Last month, I got a call from a client requesting an onsite visit to check why their SQL Server backups are failing. So I went and immediately ran a full database backup. A dreaded error message greeted me. The following is the error:

10 percent processed.
20 percent processed.
30 percent processed.
Msg 3271, Level 16, State 1, Line 1
A nonrecoverable I/O error occurred on file “K:\DATA\xxxxx.mdf:” 1117(The request could not be performed because of an I/O device error.).
Msg 3013, Level 16, State 1, Line 1
BACKUP DATABASE is terminating abnormally.

I felt a brief terror and the first step that I did in solving the situation was post the error message as a status on my Facebook to convey to my friends how my day is gearing up to be undesirable. How genius of me. Right? 🙂

Then I checked the last known good backup and found out that the server has not been backing up successfully for the last 10 days from when they reported the problem. The client never thought the problem would be critical as the applications are running smoothly uninterrupted since they can remember.

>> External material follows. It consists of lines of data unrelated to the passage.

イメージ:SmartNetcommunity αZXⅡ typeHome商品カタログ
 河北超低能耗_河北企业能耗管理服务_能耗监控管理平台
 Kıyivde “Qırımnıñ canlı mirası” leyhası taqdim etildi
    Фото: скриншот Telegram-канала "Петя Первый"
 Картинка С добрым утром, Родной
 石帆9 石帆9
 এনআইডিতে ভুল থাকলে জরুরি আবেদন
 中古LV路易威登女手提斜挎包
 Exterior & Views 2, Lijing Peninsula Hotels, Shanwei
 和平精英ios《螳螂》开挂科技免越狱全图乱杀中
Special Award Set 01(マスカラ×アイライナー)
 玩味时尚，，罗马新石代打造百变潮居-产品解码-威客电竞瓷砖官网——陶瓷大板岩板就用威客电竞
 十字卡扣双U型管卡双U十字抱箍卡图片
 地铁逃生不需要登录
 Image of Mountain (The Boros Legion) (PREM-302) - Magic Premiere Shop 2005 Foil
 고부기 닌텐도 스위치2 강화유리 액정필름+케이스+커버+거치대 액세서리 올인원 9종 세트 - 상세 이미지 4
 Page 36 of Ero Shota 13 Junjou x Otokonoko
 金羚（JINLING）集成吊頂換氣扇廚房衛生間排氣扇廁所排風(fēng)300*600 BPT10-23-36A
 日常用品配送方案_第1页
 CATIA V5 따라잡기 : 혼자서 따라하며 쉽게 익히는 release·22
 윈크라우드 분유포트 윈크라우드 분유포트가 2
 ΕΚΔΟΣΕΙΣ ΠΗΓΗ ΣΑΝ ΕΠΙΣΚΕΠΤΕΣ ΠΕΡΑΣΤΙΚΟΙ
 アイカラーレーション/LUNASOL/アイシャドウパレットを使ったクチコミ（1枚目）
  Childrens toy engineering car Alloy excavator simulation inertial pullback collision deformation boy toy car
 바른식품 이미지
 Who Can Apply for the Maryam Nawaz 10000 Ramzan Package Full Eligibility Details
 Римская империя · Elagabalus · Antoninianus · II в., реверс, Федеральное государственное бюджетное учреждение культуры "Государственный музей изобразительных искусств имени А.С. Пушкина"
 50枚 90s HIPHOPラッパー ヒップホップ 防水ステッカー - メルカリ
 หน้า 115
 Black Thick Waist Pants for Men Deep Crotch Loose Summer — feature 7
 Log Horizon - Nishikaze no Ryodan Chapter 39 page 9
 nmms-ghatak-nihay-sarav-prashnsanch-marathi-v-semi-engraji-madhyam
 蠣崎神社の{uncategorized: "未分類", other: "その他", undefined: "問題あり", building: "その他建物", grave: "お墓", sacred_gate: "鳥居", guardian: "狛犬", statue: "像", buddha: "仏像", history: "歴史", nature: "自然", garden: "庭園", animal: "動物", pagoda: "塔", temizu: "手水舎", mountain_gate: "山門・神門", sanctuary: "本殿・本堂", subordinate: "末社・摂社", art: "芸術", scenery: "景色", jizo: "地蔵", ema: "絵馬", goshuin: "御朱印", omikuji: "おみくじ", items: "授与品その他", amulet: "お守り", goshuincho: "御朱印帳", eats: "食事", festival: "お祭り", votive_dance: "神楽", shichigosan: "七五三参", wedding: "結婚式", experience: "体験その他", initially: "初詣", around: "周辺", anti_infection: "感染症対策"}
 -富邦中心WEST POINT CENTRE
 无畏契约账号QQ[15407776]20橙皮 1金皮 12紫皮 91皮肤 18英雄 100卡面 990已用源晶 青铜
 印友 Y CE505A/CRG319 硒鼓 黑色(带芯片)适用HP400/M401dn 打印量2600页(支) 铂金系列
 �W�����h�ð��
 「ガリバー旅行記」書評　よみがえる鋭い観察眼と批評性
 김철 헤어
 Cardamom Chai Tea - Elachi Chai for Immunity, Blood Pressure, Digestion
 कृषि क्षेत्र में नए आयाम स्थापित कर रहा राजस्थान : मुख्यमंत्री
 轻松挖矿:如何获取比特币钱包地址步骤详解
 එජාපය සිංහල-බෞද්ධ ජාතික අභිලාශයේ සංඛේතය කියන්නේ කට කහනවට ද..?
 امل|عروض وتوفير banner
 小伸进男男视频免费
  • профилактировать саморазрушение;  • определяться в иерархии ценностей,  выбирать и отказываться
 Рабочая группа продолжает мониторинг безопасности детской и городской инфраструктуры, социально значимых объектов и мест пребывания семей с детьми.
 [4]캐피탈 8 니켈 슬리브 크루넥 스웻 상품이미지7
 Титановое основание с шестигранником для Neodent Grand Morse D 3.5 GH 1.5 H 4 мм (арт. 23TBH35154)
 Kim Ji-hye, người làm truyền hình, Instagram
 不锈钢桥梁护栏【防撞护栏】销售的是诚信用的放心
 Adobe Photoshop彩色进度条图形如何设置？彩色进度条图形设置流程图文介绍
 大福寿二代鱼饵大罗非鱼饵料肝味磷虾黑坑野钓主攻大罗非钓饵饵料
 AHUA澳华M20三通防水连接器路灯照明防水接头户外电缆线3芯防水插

As I investigate the problem, it was concluded that one disk in one RAID 10 array is defective. Worst, the array was meant to store the MDF files. The mirror in the RAID 10 array doesn’t seem to kick in too. The other arrays where the LOGs, the TEMPDBs are located SEEM to be working fine. Hardware wasn’t my expertise so I never bothered to spend time on what went wrong with the hard disks and RAID controllers and decided to just focus on how get the data intact through other means since backing up is failing.

Luckily for me, the TRANSACTION LOGs are doing fine and can be copied. However, as I restored from the last known known good full backup and restored all the transaction log backups that were done right after, it was determined that TRANSACTION LOG backups have stopped too when SQL Server Agent stopped running few days prior. When I attempted to backup the transaction log, I got a similar I/O error. I then remember one of Kimberly Tripps’ PASS SUMMIT videos on disaster recovery. In the video, she demo’d how SQL Server handled when an entire disk volume/array went black. Then hope came on to me. Though no one encounters this every day, and probably no SQL Server professional has encountered this in his/her entire SQL Server career, I felt some degree of hope that the problem I am about to deal with is solvable. The mere fact that the applications depending on the database that can’t be backed up are running perfectly fine tells me something in SQL Server is allowing the database to stay and used online.

My first instincts based on my limited actual experience on disaster and data recovery were to do the following:

  • Never to turn off/restart the server nor restart the services, which I did
  • Ask the client if they can go offline while I resolve the issue, which they allowed so I turned off web server running the applications
  • Find a way to get a full backup of the current state of the database, which I failed
  • Find a way to copy all the associated files (MDFs, LDFS, etc) and having it restored on another SQL Server instance, which I also failed. The MDF file simply just can’t be copied using various tools.
  • Google for relevant info. There were lots but none was as specific to assist me on how to go about it one step at a time
  • Ask fellow SQL Server practitioners about it, but I never came to actually go about this during the whole exercise of data recovery
  • Watch again Kimberly Tripp’s video, which I did and gave me some indirect insights how SQL Server behaves when it is crippled.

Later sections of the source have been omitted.